▶ **WHAT YOU ARE ASKED TO DO**:
Return the listing that follows exactly, with no pictures included.

▶ **MATERIAL PROVIDED**:
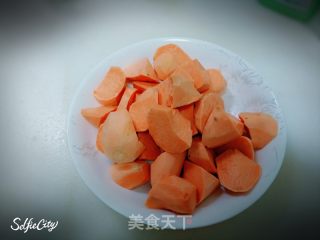 拔絲地瓜的做法步驟：1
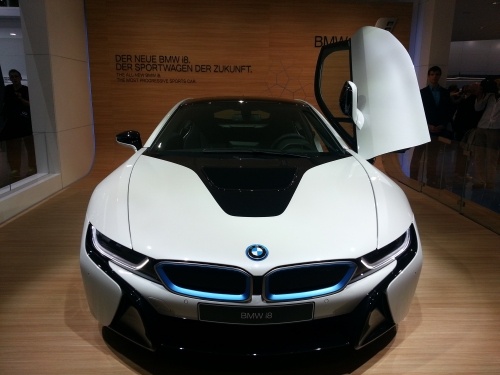 BMW i8, ein sehr interessanter Sportwagen mit dem Elektromotor. BMW i8.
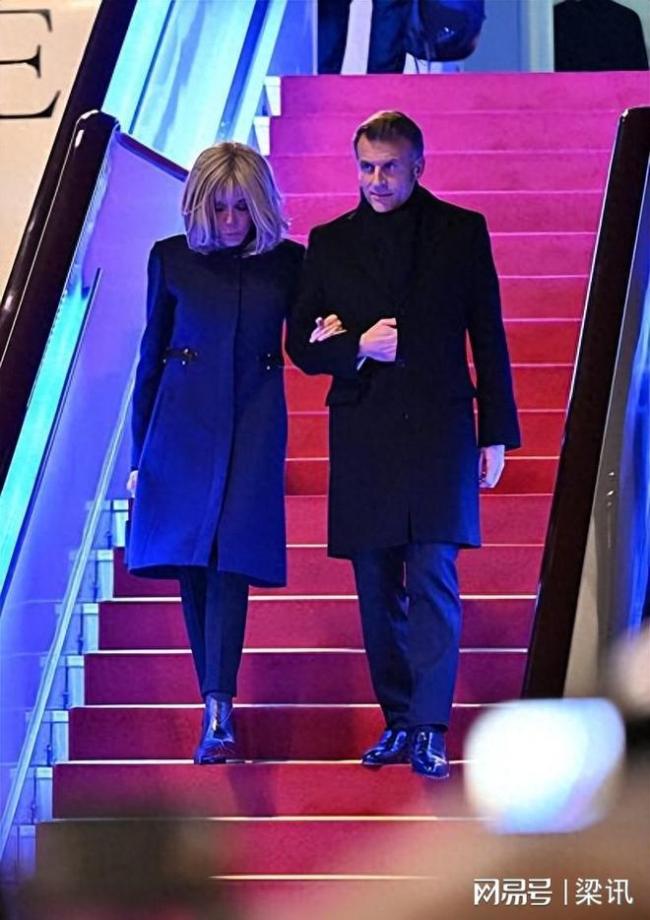 马克龙携夫人抵达成都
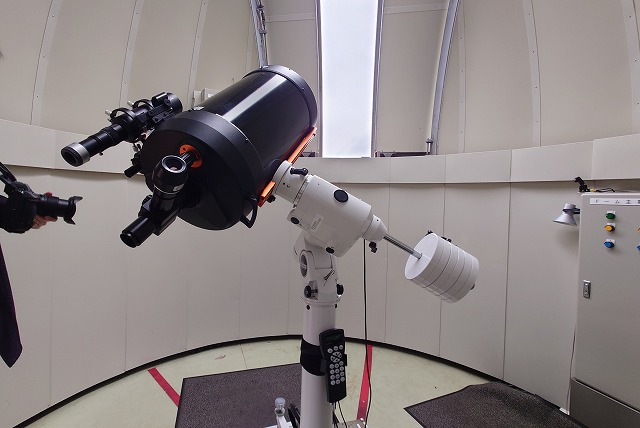 天体ドームの天体望遠鏡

▶ **EXERCISE OUTPUT**:
 拔絲地瓜的做法步驟：1
 BMW i8, ein sehr interessanter Sportwagen mit dem Elektromotor. BMW i8.
 马克龙携夫人抵达成都
 天体ドームの天体望遠鏡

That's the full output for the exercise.